The stated horizontal accuracy of the OmniSTAR HP navigation subscription used during swath bathymetry acquisition is +/- 10 centimeters (cm) horizontally and +/-15 cm vertically. The Coda Octopus F190R IMU integrates the OmniSTAR HP position with motion, measures vessel velocity (+/- 0.014 m/s), roll (+/- 0.025 degrees), pitch(+/- 0.025 degrees), heading (1 m baseline – 0.1 degrees), and heave (5 cm per meter of depth) (table 3). The vertical accuracy for the SWATHplus-H system varies with depth and across track range. At 57 m it is accurate to 10 cm vertically (table 4). Sound velocity captured in real-time at the transducer head was collected by a Valeport Mini SVS with a stated maximum error of +/- 0.017 m/s (table 5). Sound velocity profile cast data tables were also applied to the swath data based on time, water depth, and spatial representation during the survey. The SVP data was captured with a Valeport Mini SVP with stated accuracy of +/- 0.02 m/s (table 6).
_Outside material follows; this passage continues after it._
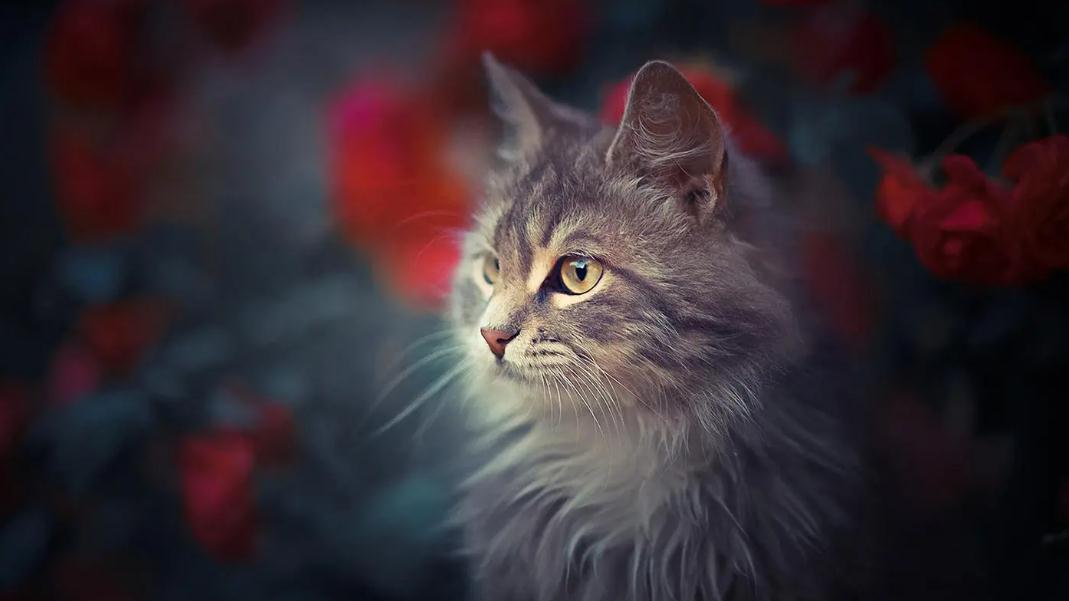 猫猫屁股有血是什么原因 猫猫屁股有血是什么原因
In addition to positional accuracies inherent for different datums (for example, NAD83, σ = 2.0 cm; NAVD88, σ = 5.0 cm; Mean Lower Low Water, MLLW, σ = 1.6 cm), error is introduced every time the data is transformed between datums. The transformation from ellipsoid height (ITRFXX) to orthometric height (NAVD88) is σ = 7.0 cm, and the maximum cumulative uncertainty (quantified by standard deviation) introduced when transforming from ellipsoid height to orthometric height to a tidal datum (for example, MLLW) is 17.1 cm for eastern Louisiana (http://vdatum.noaa.gov/docs/est_uncertainties.html).
Digital Elevation Model
Point data from the interferometric swath system (samples from the 5-m BASE surface nodes) and single-beam soundings were merged into a single x,y,z dataset. Using the Spatial Analyst tool in Esri ArcGIS, the soundings were compared to the final combined DEM by extracting values from the DEM at the precise sounding sample locations used to create the model. There are a total of 2,406,226 samples and the root mean square error of all points is 0.166 m. The root mean square error of 91 percent of all points is 0.098 m. The differences between the point dataset and the extracted DEM values were color coded in order to visually articulate differences (fig. 7). This comparison demonstrates how well the model surface represents the original sounding and sample data. The interpolated DEM resolution was constrained by a 50-m cell size and the distance between tracklines was generally in excess of 150 m (fig. 5).
Depending on how coarse the DEM resolution is compared to sounding distribution greatly effects how well the DEM represents the data. In this example there may be hundreds of samples in a 50-m by 50-m cell; however, they are only represented on the surface by one value, typically the mean. Therefore, in cases where terrain slope is high the gridding formula mutes the actual variability in the sample data. This sacrifice is necessary when creating continuous surfaces over bathymetric datasets where trackline spacing did not allow for overlap. Finlayson and others (2011), Fregoso and others (2008), and Foxgrover and others (2004) also reported difficulty with gridding over steep slopes.The percent coverage of swath sample data relative to the elevation model area is approximately 80.25 percent, encompassing 81 km2.